Her first husband Mahlon was married to her for 10 years, provided in the famine-infested land of Moab, and married Ruth when she was fairly young. Her second husband was Boaz, grafted her into the family of Jesus, and married Ruth when she was middle aged. The first husband gave away his health to provide, while the second gave away his wealth to provide.
The former was equivalent to a blue-collar worker if he worked in our time. The latter was a man of valor whose military service allowed him to benefit from the spoils of war. When you think about it, neither of them were the one but rather became the one she needed.
Mahlon became the one in that he sacrificed everything to care for Ruth. Boaz then became the one in that he shared everything to care for Ruth. Both men became the one over time.
A good, godly relationship isn’t about finding the one. It’s about becoming the one for the sake of someone else. That you love someone so much you change to become better for them and to them. Not to say you shouldn’t choose wisely who you end up with, but you’re not agreeing to a completed person. You’re agreeing to being there as they are made complete in Christ.
Like God commands, they fully committed themselves to Ruth. Loving sacrificially and being there. At the time, Mahlon was the best possible choice for Ruth and later on Boaz was the same. Of course it’s conjecture since we only know snippets of their life, but their character bleeds through the page. Where we progress, God perfects. Marriages thrive when God guides them. Grace is our guide, not fear. Becoming the one is a grace-guided process.
Although, this could be distorted into a work-mentality where you have to do all of these self-help hacks to appear to be better. That’s not what becoming the one means. Becoming the one isn’t about performance, but patience and persistence.
The humble heart in asking God to better you so that you can be the best possible spouse in your marriage. An acknowledgement that your starting point is bad and only God can restore your soul to its best. The idea of the one is an attractive cultural myth, while becoming the one is simply self-actualizing into who God designed us to be in him. One is chasing after the winds of the world, yet the other is weathering the storms of a holy covenant and promise.
Having been in the most serious relationship of my life currently that’s heading towards marriage now, I just see this flaw so much more clearly. Our culture taught our brains to go after plastic-bound porn stars and the powerful with influence, instead of ordinary people that look and act just like us.
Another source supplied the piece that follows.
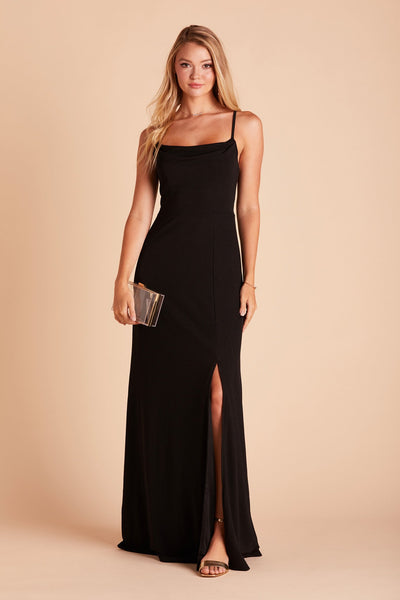 Front view of the floor-length Ash Bridesmaid Dress in black crepe by Birdy Grey with a slightly draped cowl neck front. The flowing skirt features a slit over the front left leg.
What makes the person you end up with special isn’t status or a lack of stretch marks, but the extraordinary fact that God made them and you get to be with them. Modernity has killed the mundane. Public image defines us more so than being imagers of God. We need to change that toxic perspective that has hurt a lot of people.
Don’t look for the perfect person because you’ll never find anyone close to that sinful standard. Rather, become someone who is by God’s sanctification transforming you into the one for someone in your life. Don’t find the one, be the one. With that, Godspeed and Jesus bless.